■ GOAL OF THE EXERCISE ■
What you give back from the listing below should be an exact copy of the lines from the one with "Frozen river aerial" down to the one with "Counterparts Ruffled V-Neck", and it should contain no pictures.

■ DATA FOR THIS EXERCISE ■
══════════
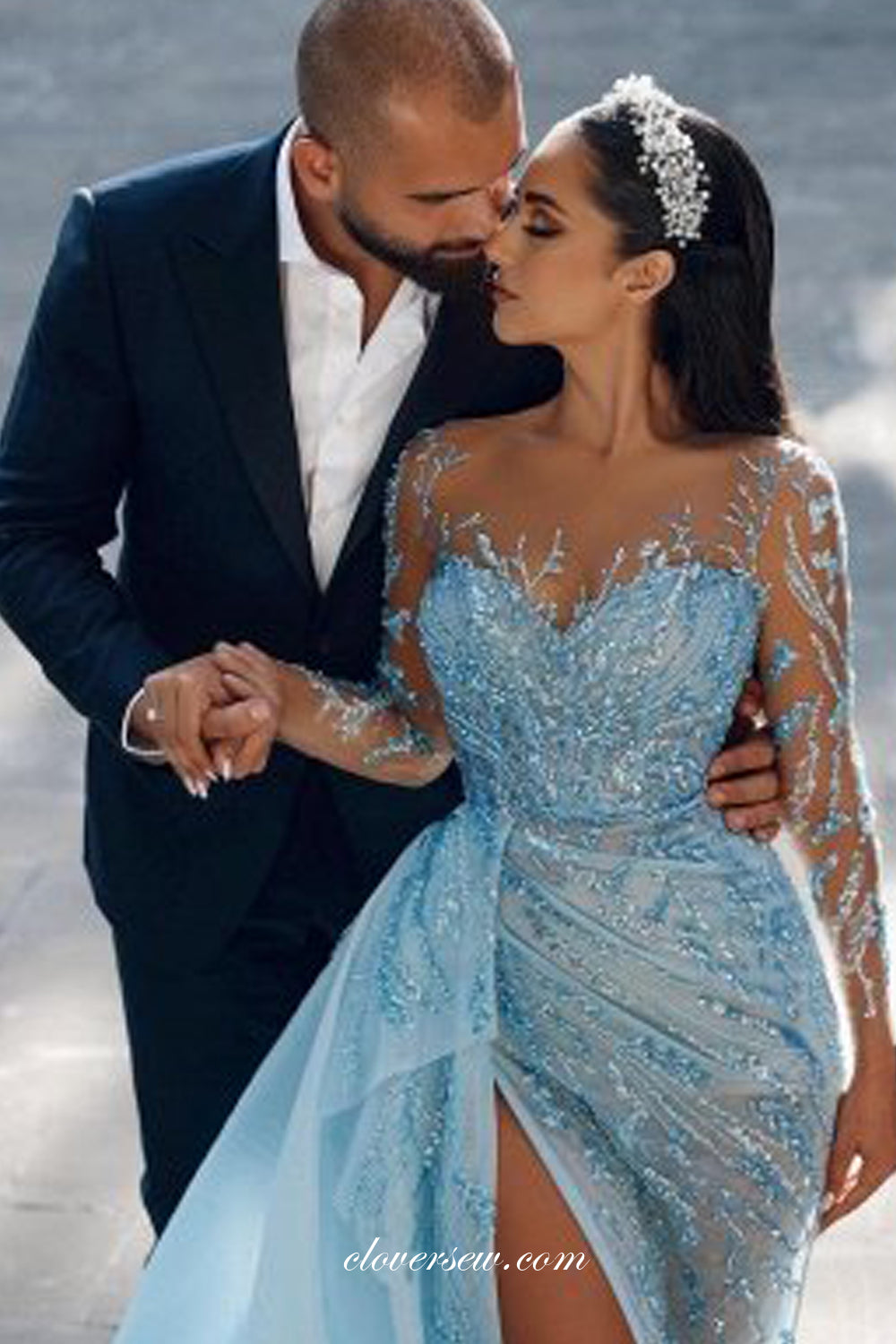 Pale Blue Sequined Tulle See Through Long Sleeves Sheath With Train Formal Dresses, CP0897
══════════
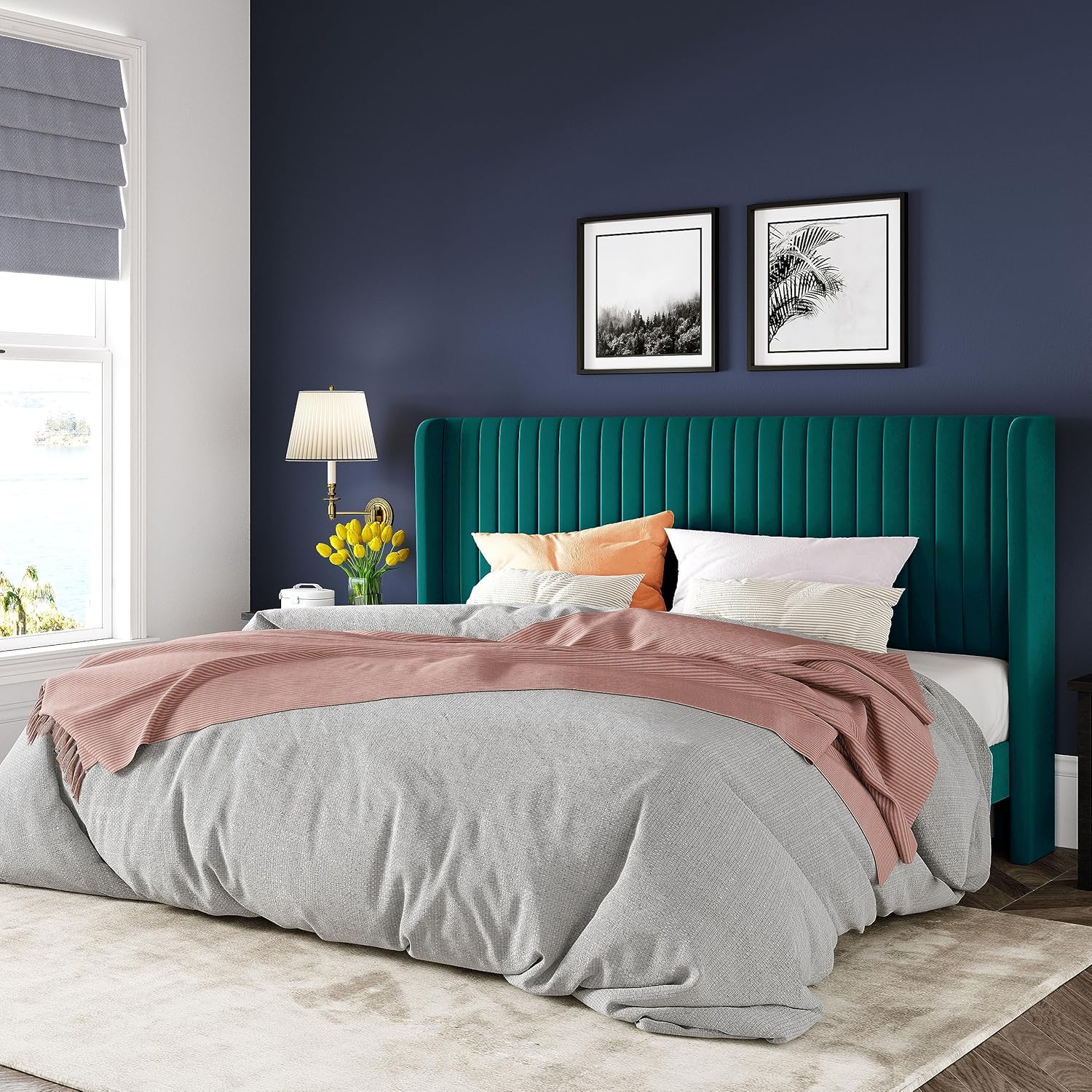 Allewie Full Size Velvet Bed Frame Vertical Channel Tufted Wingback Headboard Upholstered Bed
══════════
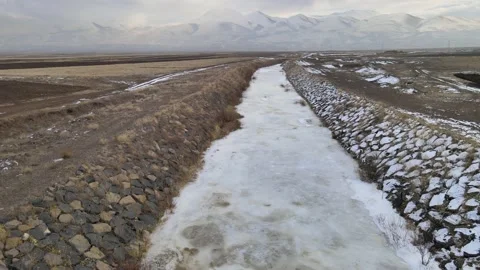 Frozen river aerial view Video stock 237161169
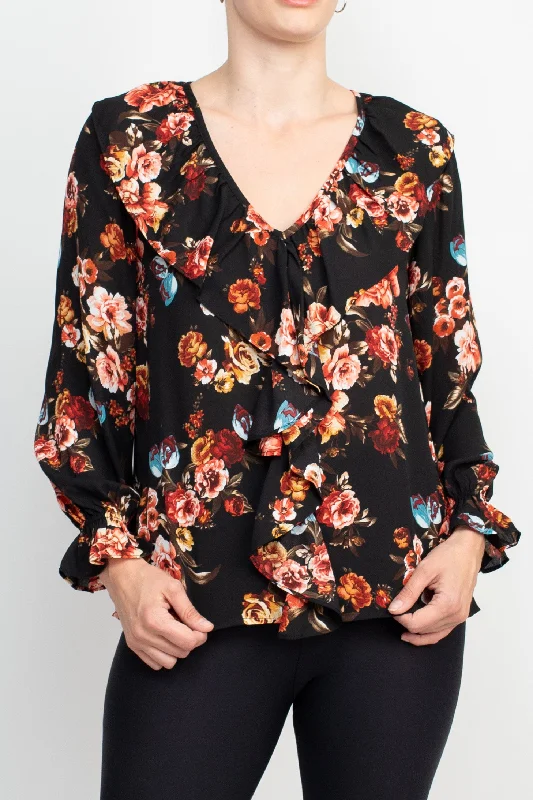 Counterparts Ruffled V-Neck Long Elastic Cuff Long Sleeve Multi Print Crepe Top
══════════
■ EXERCISE RESULT ■
 Frozen river aerial view Video stock 237161169
 Counterparts Ruffled V-Neck Long Elastic Cuff Long Sleeve Multi Print Crepe Top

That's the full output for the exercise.